-- Opening Marker --

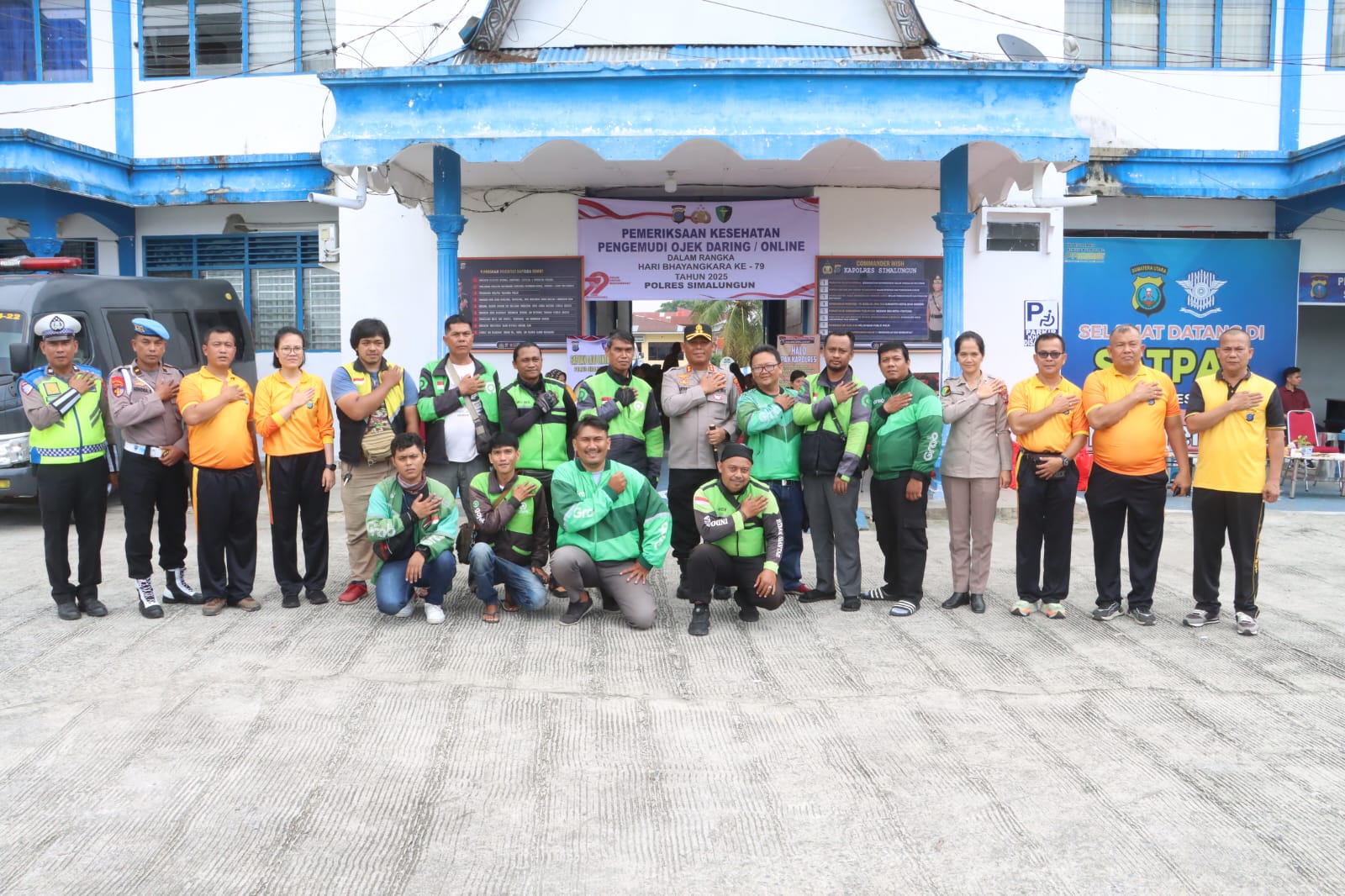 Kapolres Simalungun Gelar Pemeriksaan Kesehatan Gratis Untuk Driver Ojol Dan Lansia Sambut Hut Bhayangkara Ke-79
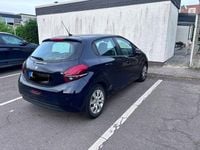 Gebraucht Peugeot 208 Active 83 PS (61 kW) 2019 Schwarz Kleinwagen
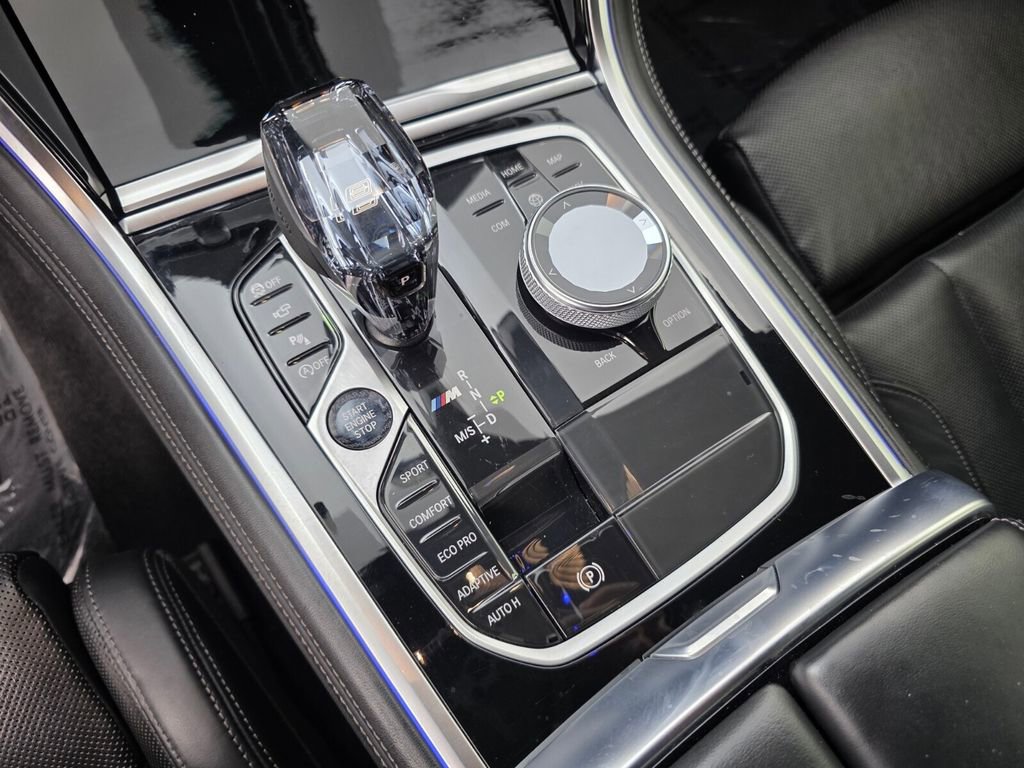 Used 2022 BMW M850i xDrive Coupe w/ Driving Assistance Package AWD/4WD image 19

-- Closing Marker --

BRIEF → Everything above except the pictures must be restated exactly.

SOLUTION FOR THIS EXERCISE →
 Kapolres Simalungun Gelar Pemeriksaan Kesehatan Gratis Untuk Driver Ojol Dan Lansia Sambut Hut Bhayangkara Ke-79
 Gebraucht Peugeot 208 Active 83 PS (61 kW) 2019 Schwarz Kleinwagen
 Used 2022 BMW M850i xDrive Coupe w/ Driving Assistance Package AWD/4WD image 19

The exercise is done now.